WORK TO BE COMPLETED → Transcribe all records exactly; omit pictures.

RECORD EXCERPTS →
■ ■ ■ ■

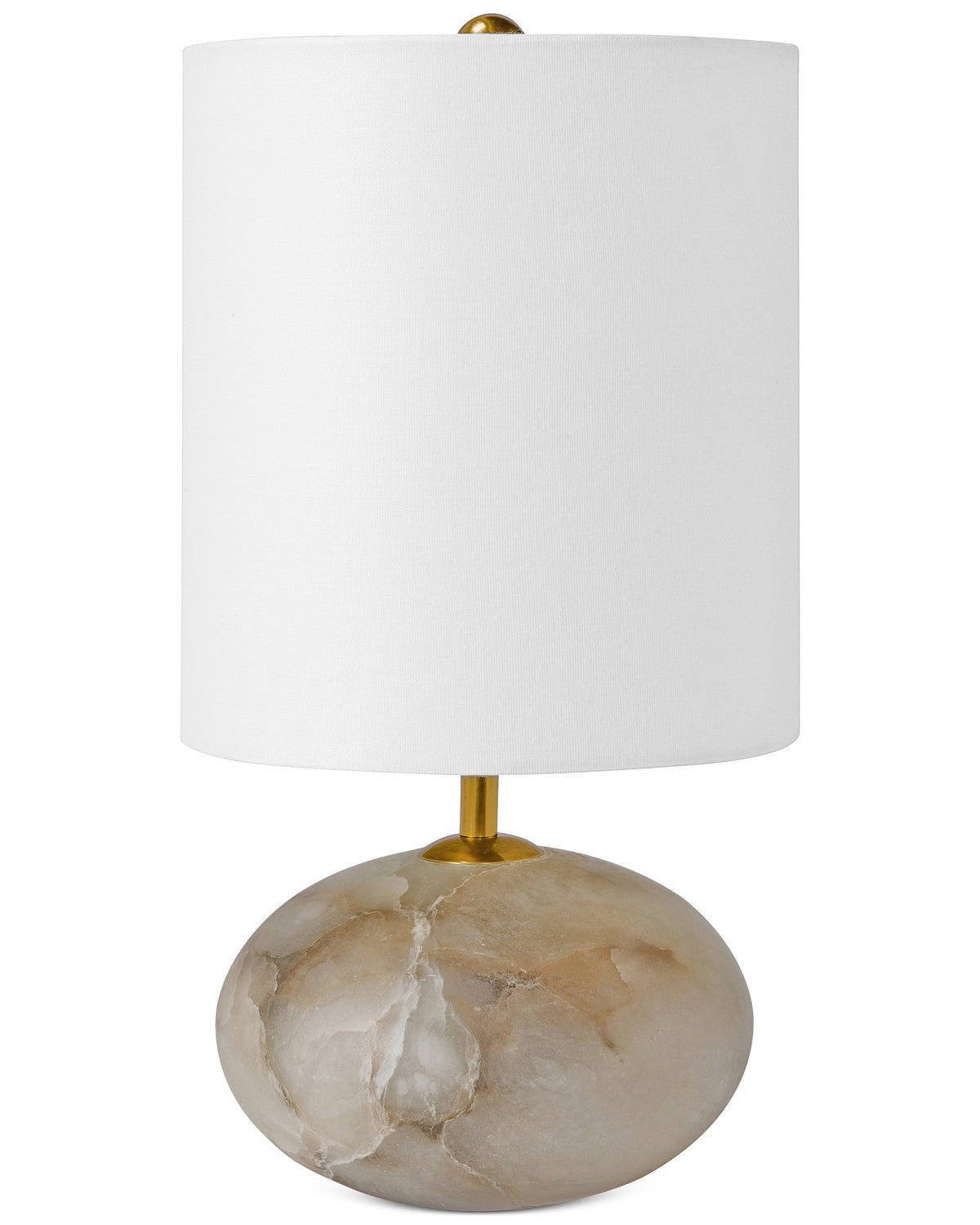 Настольная лампа в форме шара "Помпеи" (на белом фоне)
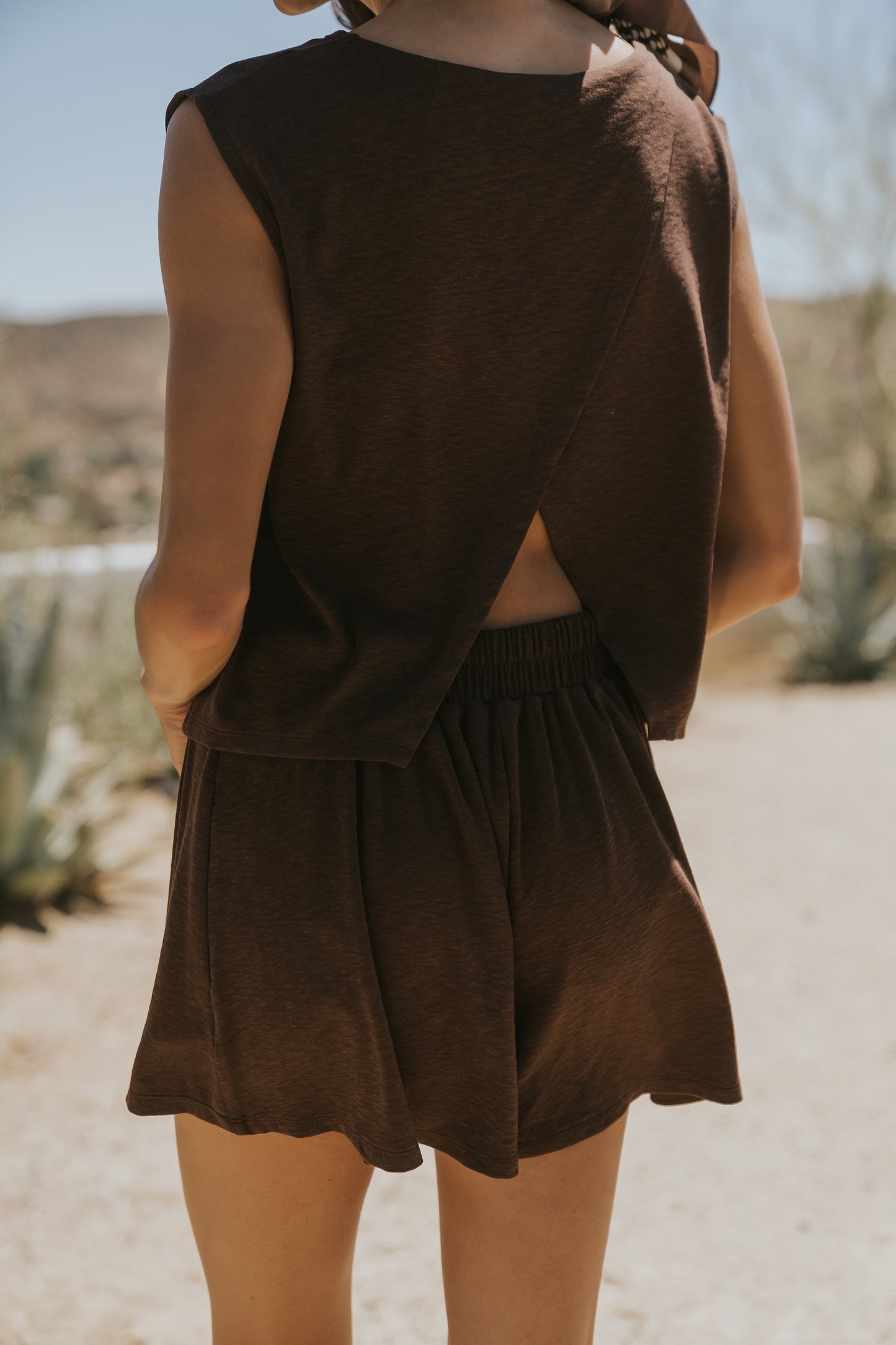 Britta Tank Top in Brown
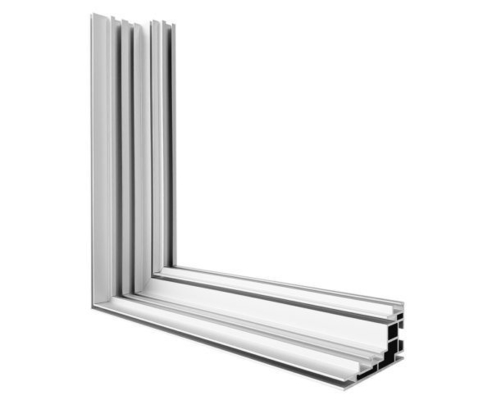Zilveren vloer-staande posters Display Frame Snap Edge Aluminium profielen Frames voor winkel
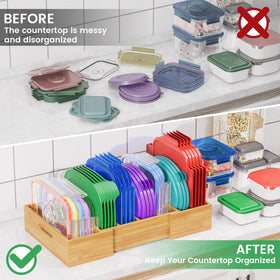 Kiasthome lid organizer suitable for pantry, drawer, and cabinet setups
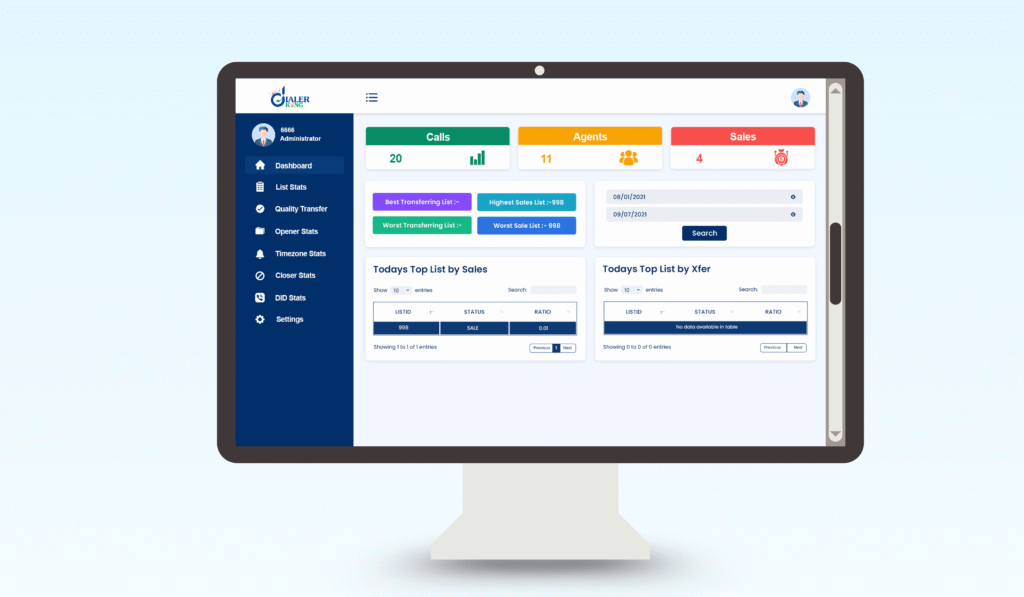 vicidial  admin panel 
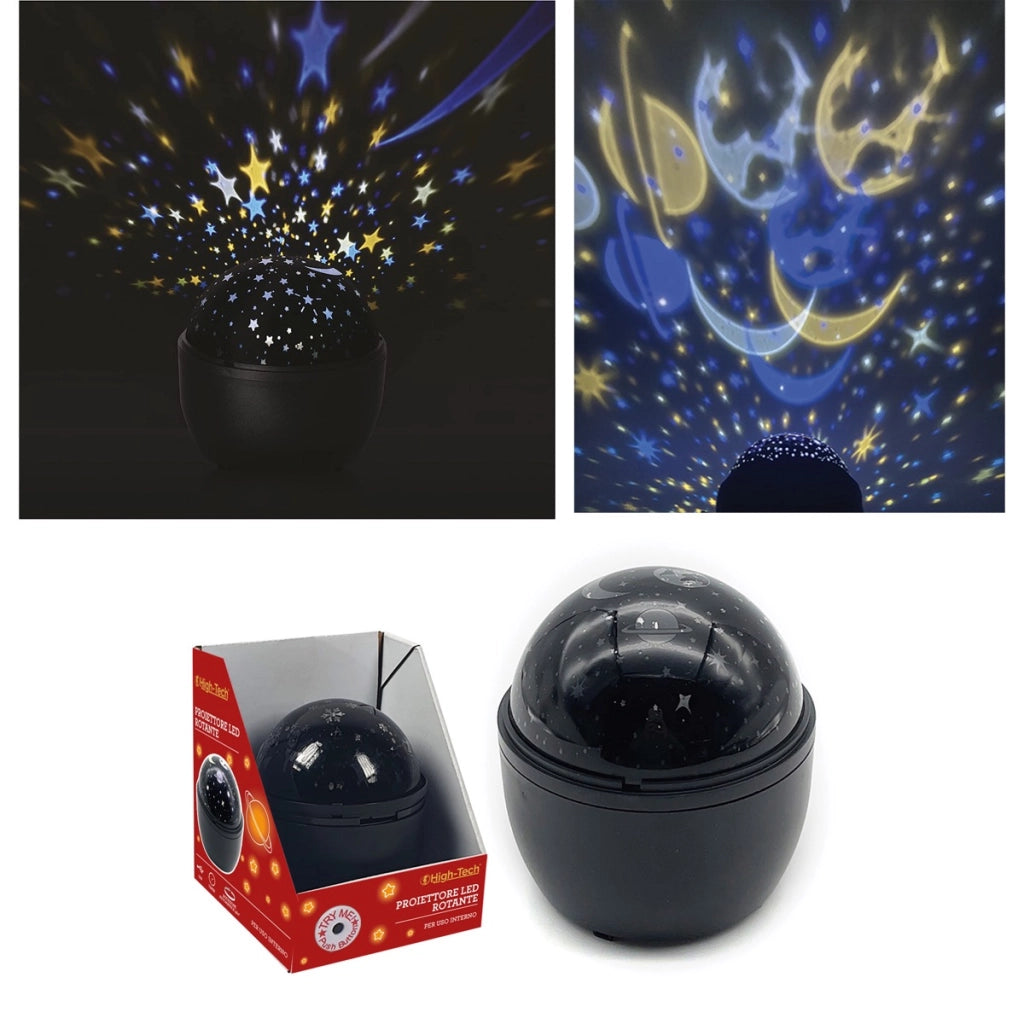 HIGH-TECH PROIETTORE A LED ROTANTE PER INTERNO CON DECORI NATALIZI OKX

■ ■ ■ ■

ANSWER BOX →
 Настольная лампа в форме шара "Помпеи" (на белом фоне)
 Britta Tank Top in Brown
Zilveren vloer-staande posters Display Frame Snap Edge Aluminium profielen Frames voor winkel
 Kiasthome lid organizer suitable for pantry, drawer, and cabinet setups
 vicidial  admin panel 
 HIGH-TECH PROIETTORE A LED ROTANTE PER INTERNO CON DECORI NATALIZI OKX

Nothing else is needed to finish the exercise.